Kasey N. Parker (mother) appeals the trial court’s custody and visitation orders regarding
K.R. and K.S.1 Mother argues that the trial court erred by (1) “giving improper weight to violations
of old court orders and an instance of ‘unclean hands’ in a pre-trial electronic mail exchange, such
as to ‘punish’ a parent, rather than focus inquiry on the best interests of the children”; (2) admitting
and considering evidence relating to “mold infestation and its alleged effects on the health of the
*
Pursuant to Code § 17.1-413, this opinion is not designated for publication.
1
Since the children are minors, we will refer to them by their initials.

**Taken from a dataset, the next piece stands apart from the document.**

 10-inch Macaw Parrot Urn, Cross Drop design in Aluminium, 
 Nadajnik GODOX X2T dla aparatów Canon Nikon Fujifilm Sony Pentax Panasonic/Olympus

children” and “overruling a motion to reopen the case to reconsider those issues”; (3) finding that
the children missed medical appointments; and (4) permitting and following the guardian ad litem’s
(GAL) recommendation, which was “founded crucially upon a fact that was not established by any
evidence in the record.” Upon reviewing the records and briefs of the parties, we conclude that
these appeals are without merit. Accordingly, we summarily affirm the decisions of the trial
court. See Rule 5A:27.
BACKGROUND
Mother and Rutledge are the biological parents of K.R. On August 15, 2008, the
Charlotte County Juvenile and Domestic Relations District Court (the JDR court) entered an
order granting mother and Rutledge joint legal and physical custody of K.R. On April 14, 2011,
Rutledge filed a motion to amend the order and sought primary physical custody of K.R. On
July 2, 2011, mother filed a motion to amend the order and sought primary legal and physical
custody of K.R. On October 4, 2011, the JDR court entered an order awarding the parents joint
legal and physical custody of the child until she entered school. One week prior to the beginning
of school in August 2012, the parties were to have joint legal custody and mother would have
primary physical custody. Rutledge appealed the order.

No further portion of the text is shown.